Under the worst-case scenarios of 25 percent to 50 percent reductions to enrollment, and without external funding relief, UNC “would be required to implement extraordinary, unprecedented, and wide-ranging actions. These would include complete depletion of fund balances and substantial program and personnel reductions across the University.”

In a public meeting on July 24, Steve Farmer, vice chancellor for enrollment and undergraduate admissions, said a survey of undergraduates in late June showed only 2 percent were considering not enrolling.

“Enrollment reports and tuition and fee collections to date indicate minimal impact to UNC-CH enrollment for fall 2020 and suggest enrollment declines of 25 or 50 percent are extremely unlikely,” the report said. More will be known about that number as students begin moving in this week with classes set to start on Aug. 10.

The University said it already had eliminated nonessential expenditures, restricted hiring and salary adjustments and postponed construction projects.

“As the University prepares to reopen in fall 2020, we anticipate significant additional expenses to ensure the on-campus safety and health of the campus-community,” the report said. “The need for financial aid will also likely increase due to significant losses in income for many of our students and their families.
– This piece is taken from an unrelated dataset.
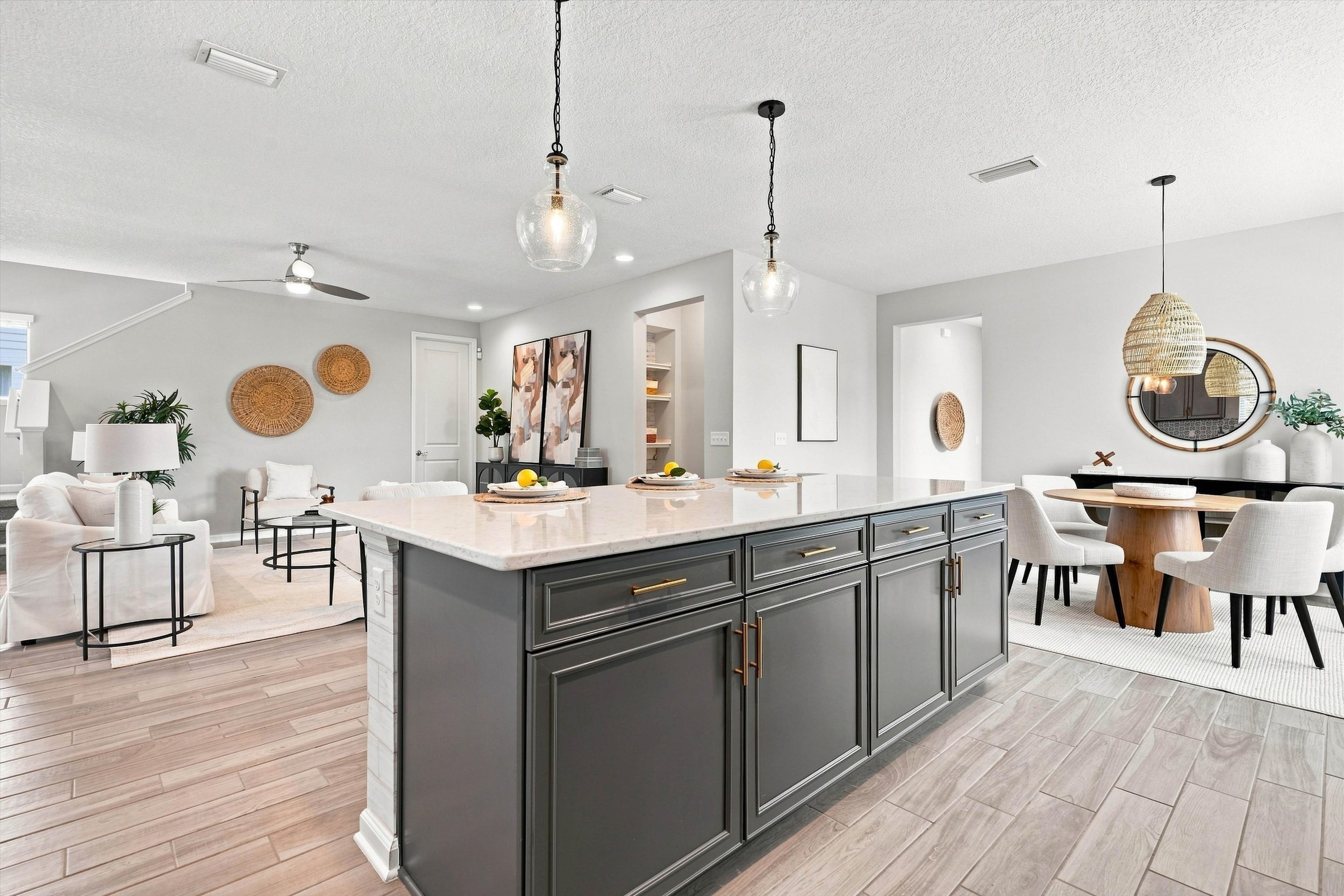 11-Kitchen.jpg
Federal and state relief funds have only partially offset incurred revenue losses and estimated reopening expenses to date.”

On the plus side financially, UNC recently reported record revenues — more than $1 billion — from sponsored research in the 2019-20 fiscal year. “With UNC-CH’s ongoing leadership in coronavirus research and the premium on research activity, this upward trend is expected to continue,” the report said.
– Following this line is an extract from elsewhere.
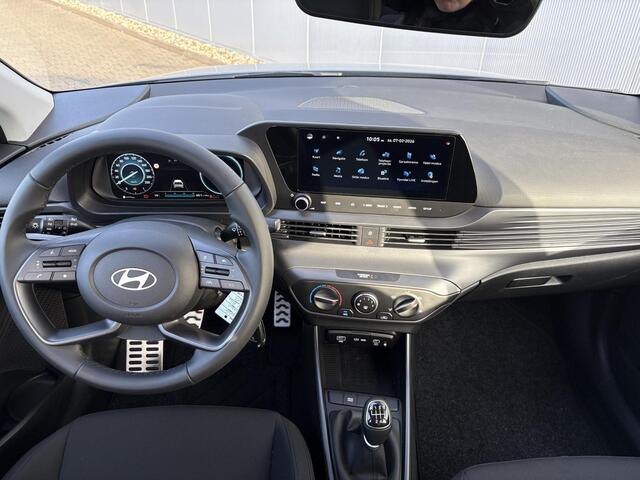 Hyundai Bayon 1.0 T-GDI Comfort / ¤ 3.500,- Voordeel Op Nieuwprijs / Prijs is rijklaar / MY 26 / Navigatie / Achteruitrijcamera / Airco / Cruise Control / LED Dagrijverlichting / LMV / Apple CarPaly & Android Auto /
In response to a Board of Governors’ question about the financial impact of the potential loss of athletics revenue due to the pandemic, UNC said disruption or postponement would affect each of its four primary sources — ticket sales, media, conference distributions and private funding. A minimal impact would require reduction of operating expenses and personnel. “In scenarios where revenue loss is greater than 50 percent,” the report said, “such financial impacts would require borrowing or gifts to support ongoing operations in addition to the actions taken” under the less serious scenario.